The paint was barely dry on the walls of IADT's new building when President Michael D Higgins arrived to conduct the official opening ceremonies last week. True to film-school form, the moment he stepped out of his state car the HD cameras began to roll.

“We shot Michael D’s visit as an outside broadcast – not for actual broadcast, just for ourselves,” says Taylor Black. “We filmed him putting the plaque on the wall outside, and his tour of the building, and we had a bit of red carpet with various celebrity visitors. This was beamed inside so the people who were waiting in the studio could see it on the big screen.”

It was a pretty stern test for all those new machines, plus miles of cabling and wires – not to mention students who had never used HD equipment before – and it worked like a dream. “HD is exactly what it says; better quality pictures – and this was absolutely pin-sharp.”


Commercial use
Over the summer, when students are elsewhere, IADT hopes to put its new facilities to good commercial use. "We want to be able to hire the studios out to production companies, independent film-makers and sports TV companies. We've had a lot of interest in that," says Doona.

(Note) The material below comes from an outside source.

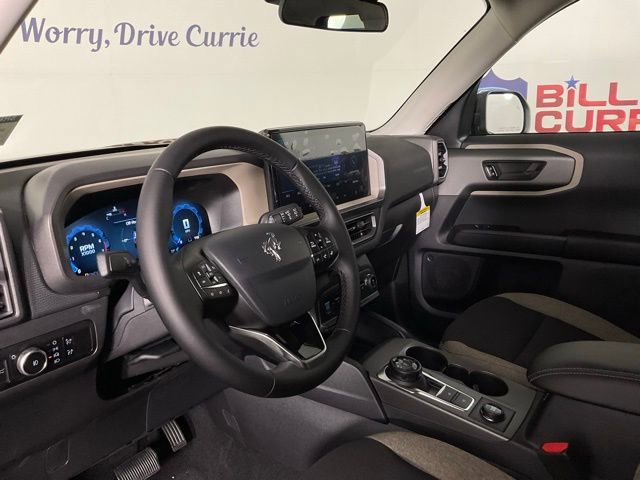 New 2025 Ford Bronco Sport Big Bend w/ Convenience Package image 13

Does all this talk of television mean that Ireland's brightest and best film students will be spending their time making episodes of I'm A Catastrophe Come Into My Kitchen and such-like? Not at all. One of the celebrity visitors to IADT last week was Neil Jordan, who was highly impressed with the new set-up. "Gobsmacked was the word he used, actually," Doona says.

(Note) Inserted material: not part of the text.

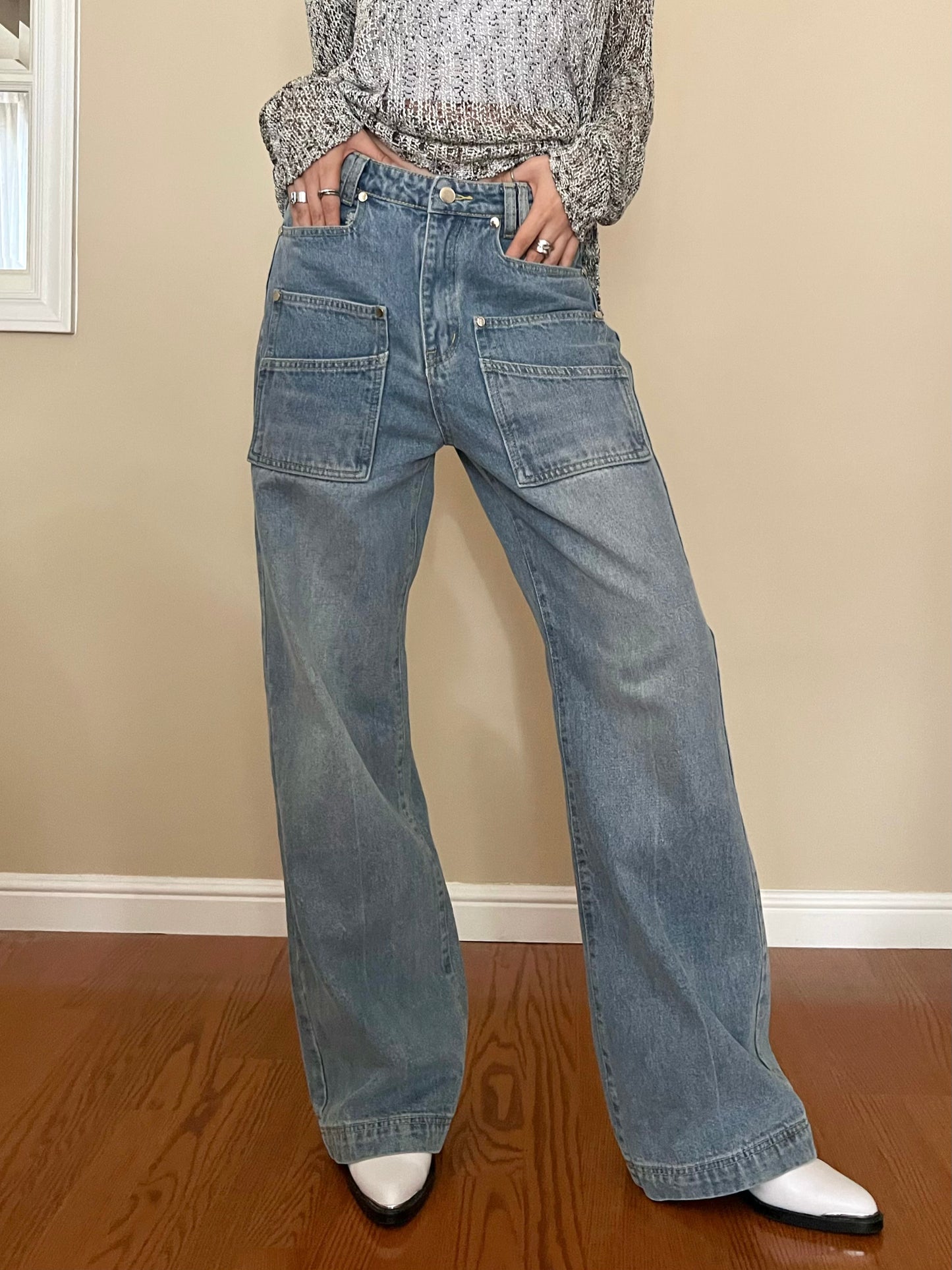 The Pocket Jeans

For Taylor Black, however, IADT’s glittering digital future couldn’t have happened without the institute’s steady track- record in film and television studies over several decades.

“Our film and television production course has been going for 30 years,” he says. “It was the first specifically designated film-making course in the country. We also had the first degree in animation in the country. But now we also have a suite of new, interlocking courses – design for stage and screen, model-making and special effects, a master’s in screenwriting – and we’re constantly updating our curricula to allow for genuine inter-disciplinary project work.”

Thanks to this depth and variety of hands-on experience, students who arrive at IADT with ambitions to be the next Martin Scorsese – or indeed Neil Jordan – often find that their talents lie elsewhere. And if they end up making an Irish Breaking Bad, well, what harm?